Cuba Libra
by D. Eric Bookhardt, GAMBIT WEEKLY
In French they are called objets trouvets, or found objects. In Europe and America, they are those quaint, poetic and typically vintage little things that some people collect as curiosities. Artists incorporate them into sculpture, or sometimes into paintings. But in Cuba, where most people missed the last half-century of Western consumerism, the vintage castoffs that became found objects in the West were never cast off in the first place. In Cuba, many things are vintage but almost everything is still in use. This creates a different mindset for Cuban artists, a different vocabulary of symbols in a land where almost everything is recycled, no matter how humble. Places that remain insular contain a kind of silence no matter how loud the music or speeches. Cuban artist Damian Aquiles works with found objects that are mere echoes of their former lives, incorporating their mute presence into the more dynamic silences of his own creative process. From afar, Construyendo mi Silencio, or Building My Silence, suggests a multicolored Mondrian painting reborn as a chaotic Rubik’s Cube, or maybe a modernist patchwork quilt. Up close, it turns out to be many old industrial paint cans cut up and cobbled into a grid. Nascent crusts of rust lend texture as traces of institutional symbols and officious warnings remind us of their former roles, only here the writing and symbols hark to the nations of the old Soviet bloc.
He also makes colorful paintings that echo the scrawled and printed exhortations on the walls of old Havana yet somehow his scrap metal pieces resonate most eloquently. Infinito Camino, or Infinite Walk, is a series of orderly rows of tin men. Chiseled from the metal skins of Cuban, Russian and Chinese appliances, they march uniformly on the wall toward destinations unknown like the worker drones of all highly organized economies. Originally created to leave rusty outlines on paintings, they have taken on a militant life of their own. Aquilles says his materials have ”a concentrated energy and light a previous history” and that his art extends their life ”by recycling it, by using its previous life, energy, and history to tell my own story.”

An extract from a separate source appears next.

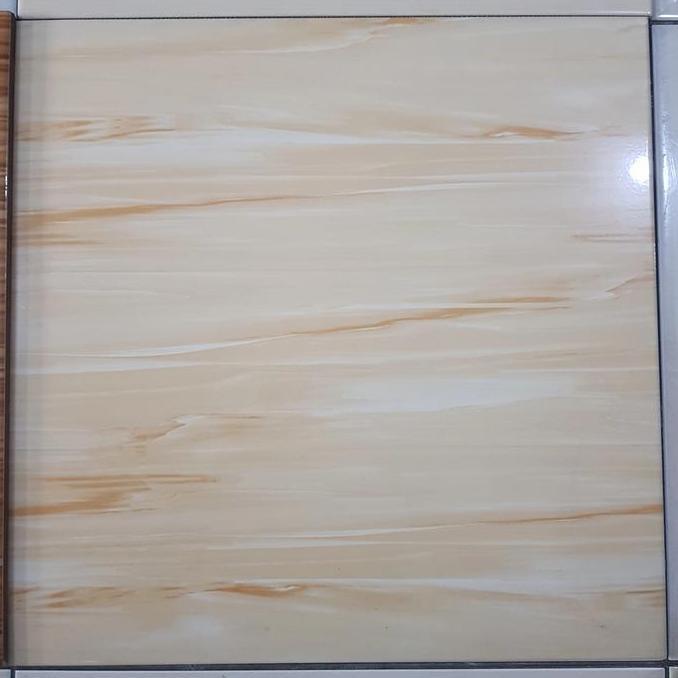 keramik lantai kilap 40x40 arwana gardenia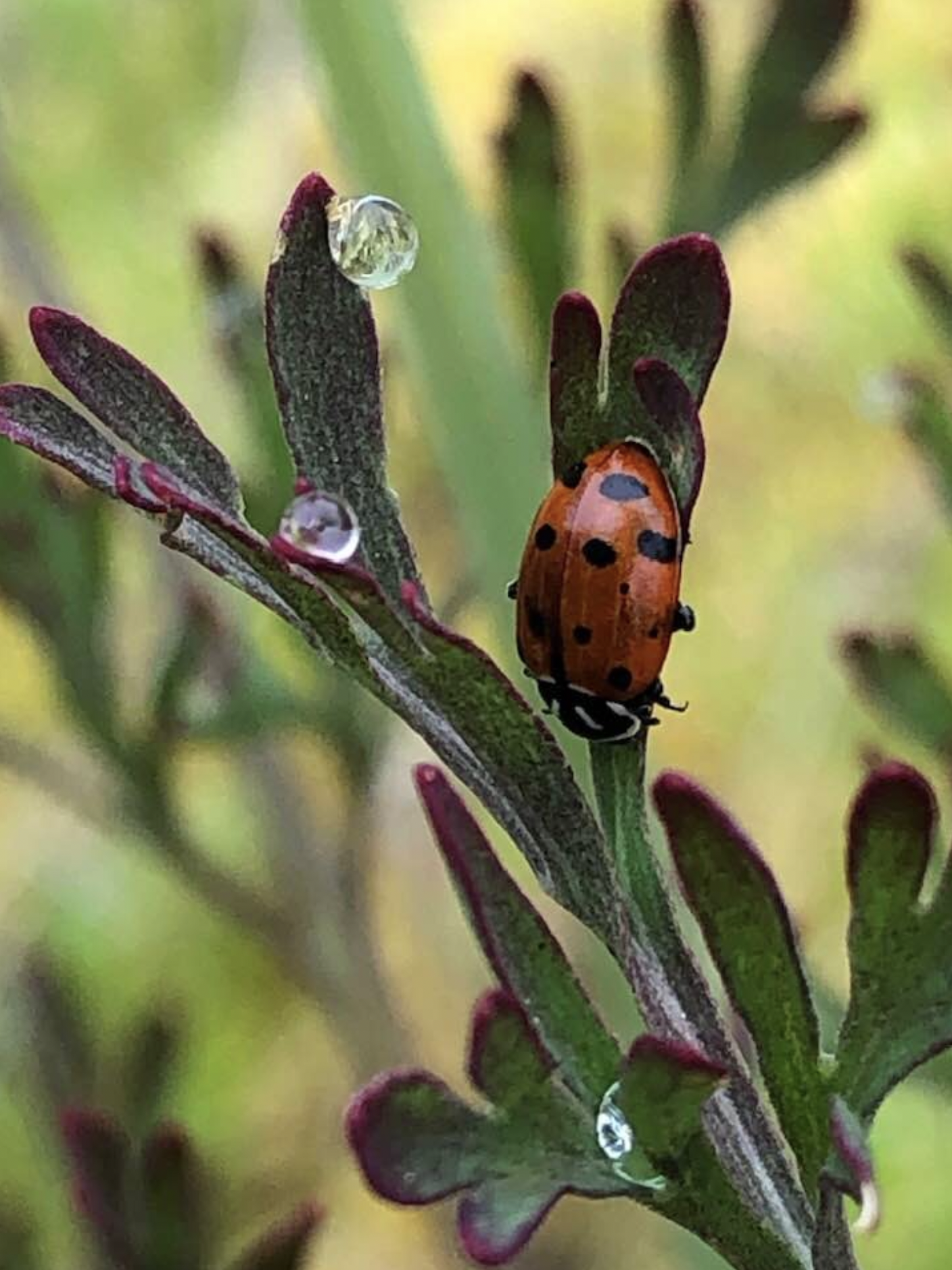 Screenshot 2024-04-04 at 7.39.56 AM.png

Of course, a leading Cuban-American master of a similar process is our own Luis Cruz Azaceta, a New Orleanian since 1992. As a child, Azaceta fled Havana to New York in 1960 after Fidel Castro’s rise to power. This Local Anesthesia expo includes work made in response to Hurricane Katrina along with examples from a separate series of his ”museum plans” based on the whimsical notion of museums that are actually fantastical ”containers of ideas.” If they sound totally unrelated, both series are actually museum-like because many of his pieces include artifacts, debris left in the storm’s wake.

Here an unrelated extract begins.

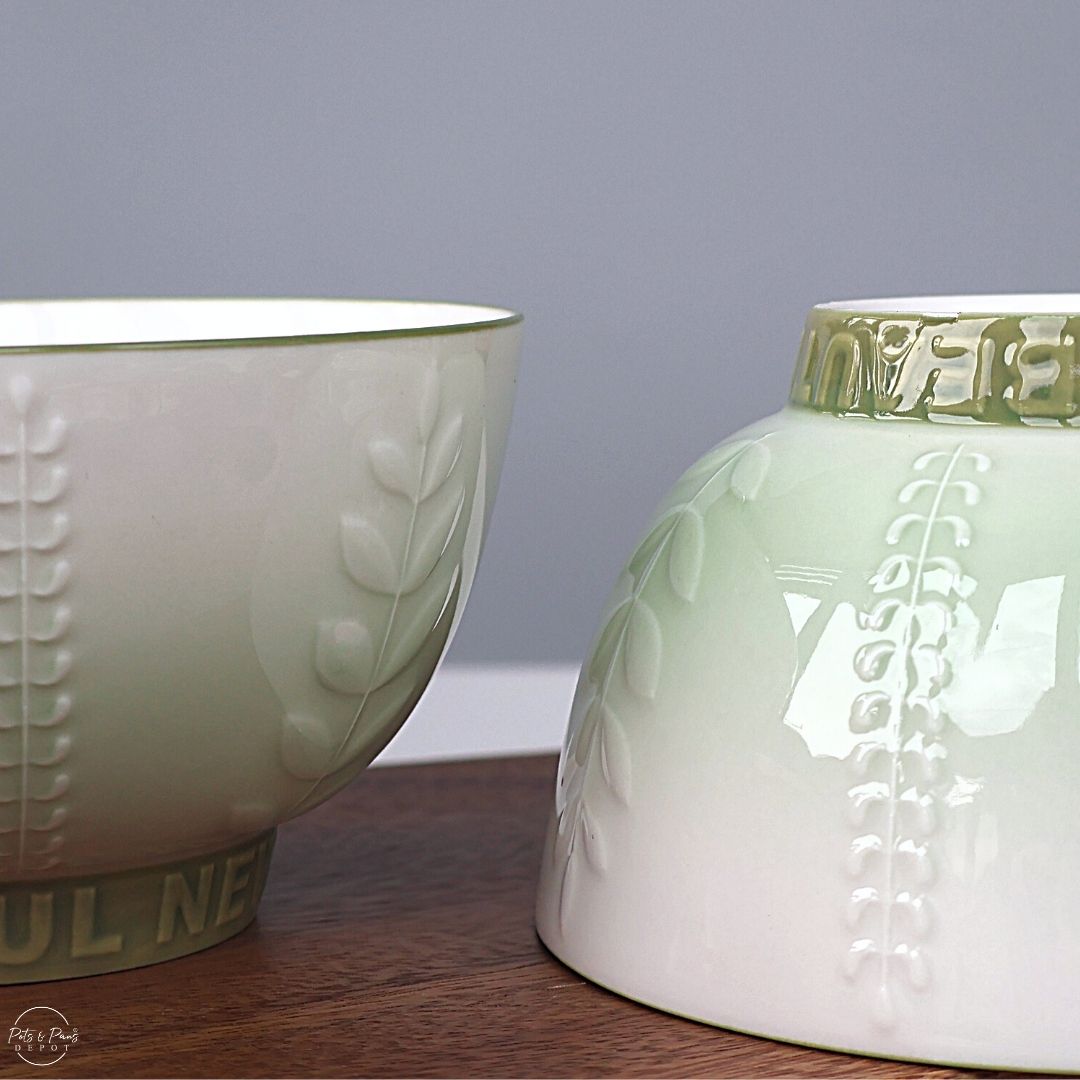 Ombre Vines Porcelain Soup Bowl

Cascade is in fact a gusher of junk of the sort that floodwaters wash up ” old plastic bottles, children’s toys, crutches, tourist souvenirs, a veritable waterfall of refuse pouring from an old bicycle wheel mounted like a portal on the wall. Photographs also play a big role, especially in collages incorporated into found object sculpture, perhaps most notably on the bottoms of pots and pans hanging on the gallery wall. But Emeril probably never touched these relics, and each doubles as a portal into the recent past, as flashbacks to flooding, desperation and the damage we know so well. The museum plan drawings are very different, however, a colorfully complex series of designs that suggest museums of the mind, improbable parabolas of imaginary space where ideas are free to wander. Perhaps Azaceta”s most aesthetic creations to date, their nautiluslike forms evoke nature’s own spirals, the signature shape of hurricanes, and perhaps too, those storms of the mind that can also reshape landscapes for ages thereafter.